ALICE NELLA CITTA' 23 - SQUALI di Daniele Barbiero
«
Gli squali devono continuare a muoversi se vogliono respirare, e anche noi». Con queste parole, Anna (
Ginevra Francesconi) incoraggia Max (
Lorenzo Zurzolo) ad accettare la proposta del manager Robert Price (
James Franco), statunitense che guida un incubatore di start-up a Roma.
L’uomo è intenzionato a sviluppare l'app che il ragazzo ha ideato per aiutare i suoi coetanei a capire cosa fare nella vita. Il giovane è combattuto fra l’amore per la ragazza, il progetto con i compagni di sempre di fare un viaggio in Spagna dopo la maturità e l'ansia di fare subito la scelta giusta. Ma qual è questa scelta? È davvero importante iniziare a correre immediatamente?
Sulle prime, Max esita — com’è anche normale a 19 anni — ma poi cede alle lusinghe del Capitale e si prende troppo sul serio. In poco tempo si immerge nella routine di un mondo di cui vede solo una faccia, accorgendosi però presto che non è tutto oro quel che luccica, anche grazie all’aiuto della fotografa Miriam (
Greta Fernández) e del programmatore Jona (
Francesco Gheghi), il quale si licenzia dopo un alterco con
Price, sotto gli occhi del protagonista, e avrà in seguito molte cose da raccontare.
“
Squali” è diretto dall’esordiente
Daniele Barbiero e tratto dall’omonimo romanzo di quel Giacomo Mazzariol che si era già fatto notare con “Mio fratello rincorre i dinosauri”, da cui il riuscito film del 2019 di Stefano Cipani, un’altra opera prima.
Prodotto con lo stesso Franco nel ruolo di executive, è un film semplice ma non banale, che solleva a più riprese questioni di attualità e complessità notevoli, come l’ansia da prestazione e la depressione performativa in un presente che non si ferma davanti a niente e nessuno pur di continuare a produrre ricchezza.
Non importa se il business si è spostato nella realtà digitale: le persone hanno dei bisogni, e qualcuno glieli deve pur vendere.

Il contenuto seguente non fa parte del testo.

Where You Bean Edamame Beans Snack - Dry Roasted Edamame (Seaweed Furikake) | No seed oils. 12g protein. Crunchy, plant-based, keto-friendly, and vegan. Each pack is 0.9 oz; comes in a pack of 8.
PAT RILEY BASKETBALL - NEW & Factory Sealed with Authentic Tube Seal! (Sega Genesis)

Price – un nome, un'idea di mondo - «crede in quello che fa», afferma Jona. Ed è questo il vero problema: con i dogmi non si ragiona. Non è un caso se all’ingresso dell’EPark — una sorta di città nella città, nello stile tipico della Silicon Valley, nella quale l’americano detta legge come uno sceriffo-giudice del West — campeggiano sette comandamenti perentori come un discorso di Steve Jobs. Chi viola anche uno solo di quei principi non è degno di partecipare all’invenzione del futuro secondo la visione di Rob.
L’operazione, nell’insieme, è anche lodevole: tenta strade nuove o comunque più vicine al cinema indie d’oltreoceano, nello stile di “The Circle” (2017), tratto dal romanzo di Dave Eggers. Ma il film è spesso rallentato da trovate un po’ stantie, come lo sguardo in macchina di Max nei momenti emotivamente cruciali o la messaggistica su schermo. Soluzioni di scrittura e regia facili e non particolarmente gradevoli all’occhio, che richiamano certe storture di un cinema italiano giovanilistico di una ventina d’anni fa, quando i device fecero la loro comparsa nel nostro quotidiano. Così come risulta sbrigativo il passaggio sulla crisi dell'amico Filippo (
Francesco Centorame), aspirante musicista che non riesce a relazionarsi con le pressioni sociali.
Nel complesso, quindi, manca coesione estetica, un polso forte, una direzione sicura nella linea rappresentativa. Il tutto però si regge degnamente su un buon cast di giovani talenti e su una certa intuitività nel montaggio delle immagini “amiche”, in particolare di Anna, seppure ancora troppo oggetto del desiderio di uno sguardo maschile derealizzante. Visioni che agiscono sull’inconscio del ragazzo durante la sua permanenza romana per fargli capire che, in quella provincia profonda — in questo caso veneta — da cui sembra obbligatorio scappare per realizzarsi, lo aspetta un’alternativa.